The applicant’s argument about the mortgage can be encapsulated in this way. It is uncontested that the mortgage as between the applicant and respondent was to be the respondent’s obligation. On sale, the capital amount of the mortgage remained about $206,000, and Mr Hughes submitted, with good reason, that if the mortgage debt was the contribution of the respondent, then, to the extent that capital had not been advanced by way of repayment of the capital of the mortgage, it should come out of the respondent’s share.

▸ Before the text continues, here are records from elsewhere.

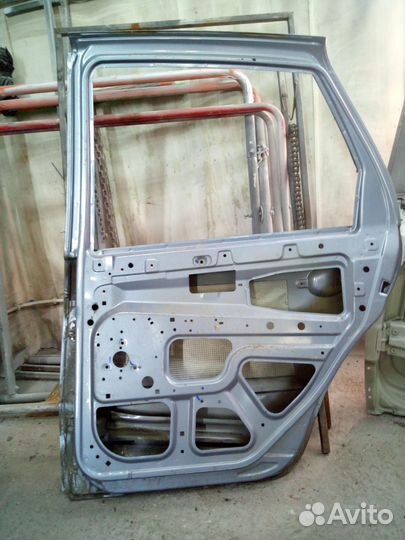 Дверь задняя правая ваз гранта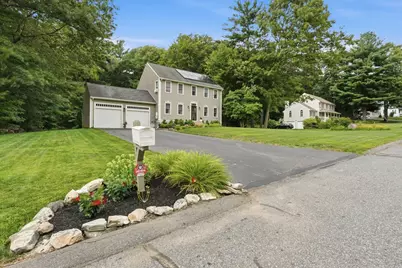 21 Wildflower Dr, Sutton, MA 01590 - Photo 4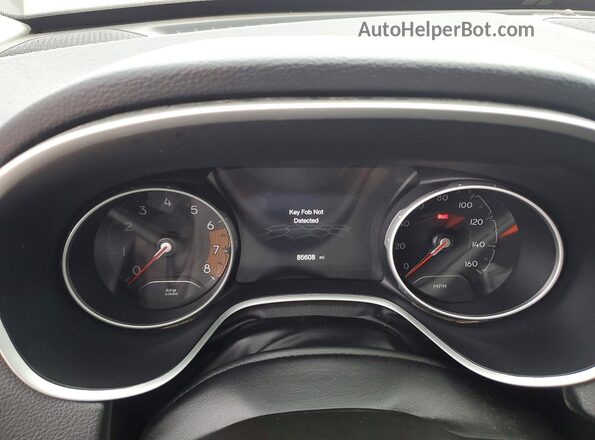 3C4NJDCB9KT827332 2019 JEEP COMPASS Красный Вид щитка приборов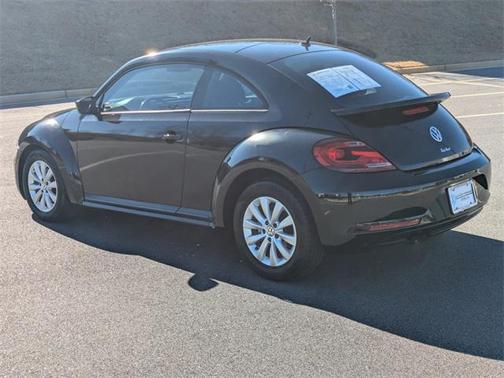 2017 Volkswagen Beetle 1.8T S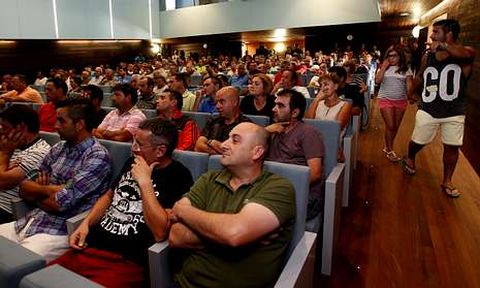 El patio de butacas del auditorio isle�o se llen� de productores de todos los puertos. 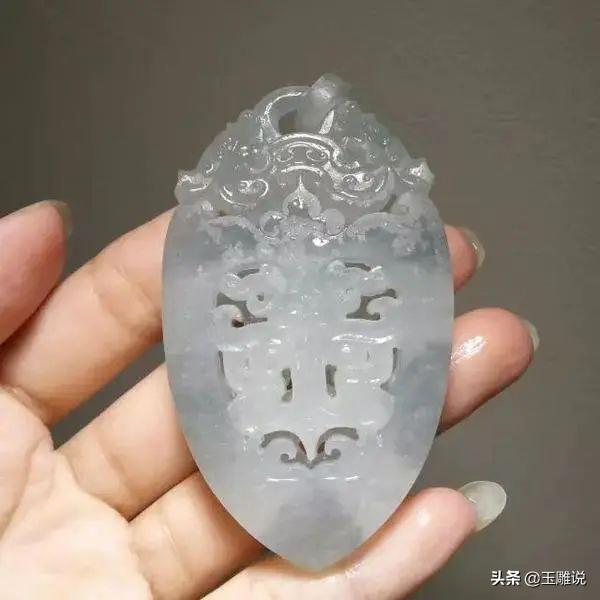 玉石雕刻加工费，翡翠雕刻加工费多少（价值才几百元的翡翠料子）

There was a strong argument in favour of that approach except for this. If it were the case that the whole of that sum should be treated as the capital of the respondent, then the respondent provided something like 45 per cent of the purchase price, entitling her to 45 per cent of the capital gain and 45 per cent ownership interest.
It is not necessarily as straightforward as that, but complicating the applicant’s argument about the mortgage is the contention by the applicant that the respondent’s 75 per cent interest represented her capital contribution in cash, plus a half-share of the mortgage, which supports the 75/25 split. The applicant cannot really, at the same time, say that the whole of the mortgage should be laid at the door of the respondent, yet defend the rationality of the 75/25 split. It seemed to me then that the only way to resolve that conflict would be with a trial.
I suggested to the parties that, looking at the range of issues and difficulties, they might consider accepting as a solution roughly $85,000 of the balance for the respondent and $35,000 of the remaining balance to the applicant as a practical way to resolve their disputes, and thereby avoid the whole of the $120,000 being eaten up by legal costs.
The parties were able to agree on that settlement. By these reasons, I can record the parties’ formal positions, communicated to the court through their legal representatives on instructions, that each will accept the distribution of the net proceeds in the way I proposed (subject to a slight clarification of the amounts) in full satisfaction of all claims they might have against each other arising out of their joint ownership of the property or the causes of action and claims raised in the affidavits filed in this proceeding. I describe that position in the presence of representatives for both sides, reflecting, as I understand it, the agreement that has been reached.
In those circumstances, I order that $85,425.74 of the $120,601.04 held in the applicant’s solicitors’ trust account be paid to the respondent, and $35,175.30 of the funds held on trust be paid to the applicant. I make no order as to costs of today’s hearing.